Erik Larson’s Dead Wake weaves a tense tale of the sinking of the Lusitania

Erik Larson’s Dead Wake weaves a tense tale of the sinking of the Lusitania

Erik Larson has spent much of his career writing about history’s unlikely intersections, but none of these have been as dramatic as the convergence he tackles in Dead Wake: The Last Crossing Of The Lusitania. The bestselling author of The Devil In The White City and Thunderstruck puts his mastery of penning parallel narratives on display as he tells the tale of the sinking of the Lusitania by a German submarine, building an ever-growing sense of dread as the two vessels draw closer to their lethal meeting.

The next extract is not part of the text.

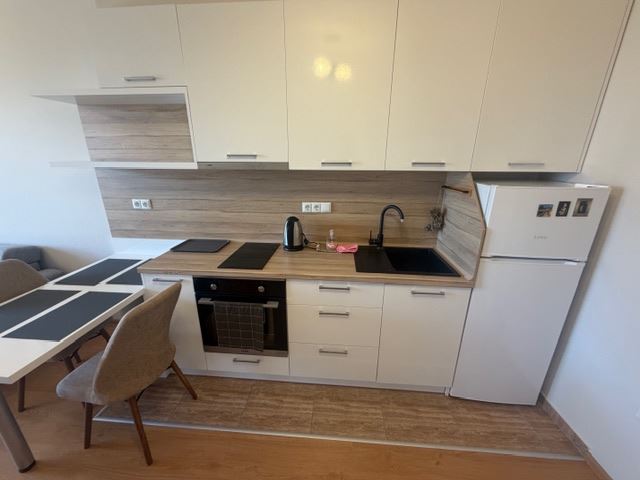 Studio s výhledem na moře v luxusním komplexu v Aheloy – komfort, styl a relaxace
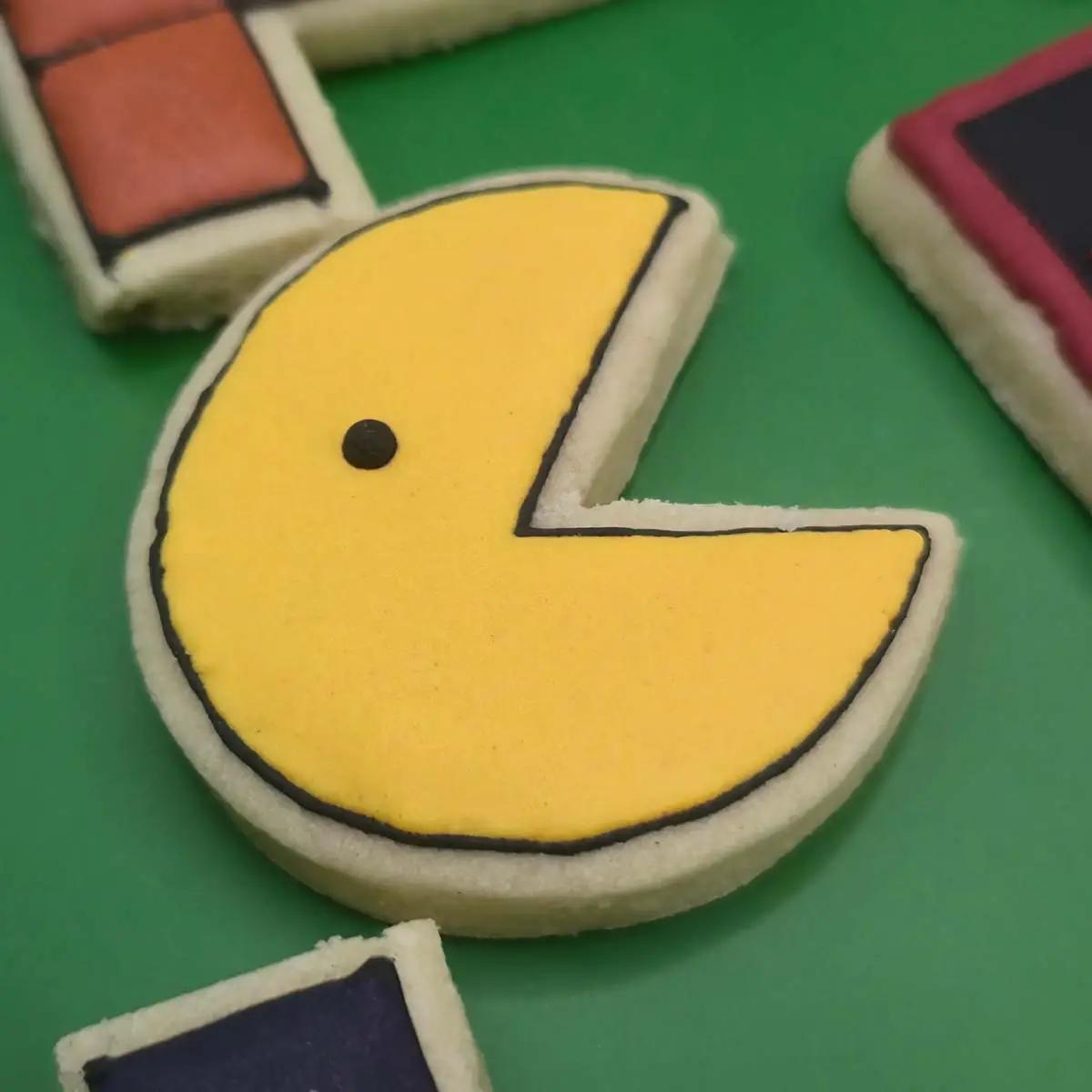 Bolachas Geek Personalizadas - Retro Gaming - Bolos de aniversário no Porto | Bento Cakes, Cake Design, Bolachas Decoradas | Porto | Sahri Dessert Art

Larson’s latest work of narrative non-fiction uses historical records, letters, and journal entries to tell the story of Unterseeboot-20 and its captain Walther Schwieger, the crew and passengers aboard the luxury transatlantic liner the Lusitania, and the political buildup to World War I. Germany, France, and England are already locked in combat when the book opens, and while American sentiment originally favored neutrality, global tensions were rising.

Just as The Devil In The White City alternated between stories of grisly murder and looks at the complexities and luxuries of the Chicago World’s Fair, Dead Wake’s chapters have decidedly different tones. It’s easy to favor the chapters that portray the tense life aboard Schwieger’s U-boat. The captain was tasked with sinking anything bound for Britain and would be commended based on how big a target he could send to the ocean floor. He was also out of contact with any superiors and confined with his crew in a hot and foul-smelling vessel that was severely limited in how long it could stay below water. Without sonar, the U-boat could also be blasted by destroyers when it surfaced to look for targets. It was also slow, and torpedoes were incredibly unreliable. Movements were partially controlled by crew members running back and forth.

Unsurprisingly, the British maritime brass and those involved with the Lusitania underestimated submarines, largely ignoring a warning published by the German government that the seas around England should be considered a war zone. Larson reconstructs the happenings aboard the Lusitania, painting a picture not dissimilar to that of a modern cruise ship. There were lavish dinners, talent shows, card games, and plenty of people reading in deck chairs. Before the ship sunk, the greatest misfortune reported was a case of the measles.

The early chapters introducing the elite passengers who would cross the Atlantic aboard the Lusitania are dull, especially when compared to tales of U-boats ambushing fishermen just to get some fresh food. But the banality serves a purpose, showing just how out of touch America was with global affairs. That point is made even clearer with peeks at President Woodrow Wilson, whose chief preoccupation at the time was writing love letters as part of a courtship that plays out like a historical version of Aaron Sorkin’s The American President. Bits about the devastation of trench warfare and the first uses of chemical weapons are used sparingly—they’ve been covered far more extensively in other works—but their appearances ground Larson’s discordant prose about the president’s romantic drives around Washington, D.C.

Larson does get too cutesy at times as he comments on handwriting or quips about the irony of people’s names, like Lusitania passengers the Luck family. But he can be forgiven for some unnecessary ornamentation since the other details he pulls in are so fascinating. Readers are more likely to be familiar with the fate of the Lusitania than the stories Larson tells in his previous books, but he goes well beyond what’s taught in history classes to offer insights into British intelligence and the dealings that kept the ship from having the military escort so many passengers expected to protect it. Larson also seems to be pulling in a bit of extra research from his work on Thunderstruck, showing the continued relevance of both the wireless telegraph and the era’s fascination with the occult.

While Dead Wake doesn’t quite recapture the magic of The Devil In The White City, it’s Larson’s strongest work since then. By piecing together how politics, economics, technology, and even the weather combined to produce an event that seemed both unlikely and inevitable, he offers a fresh look at a world-shaking disaster.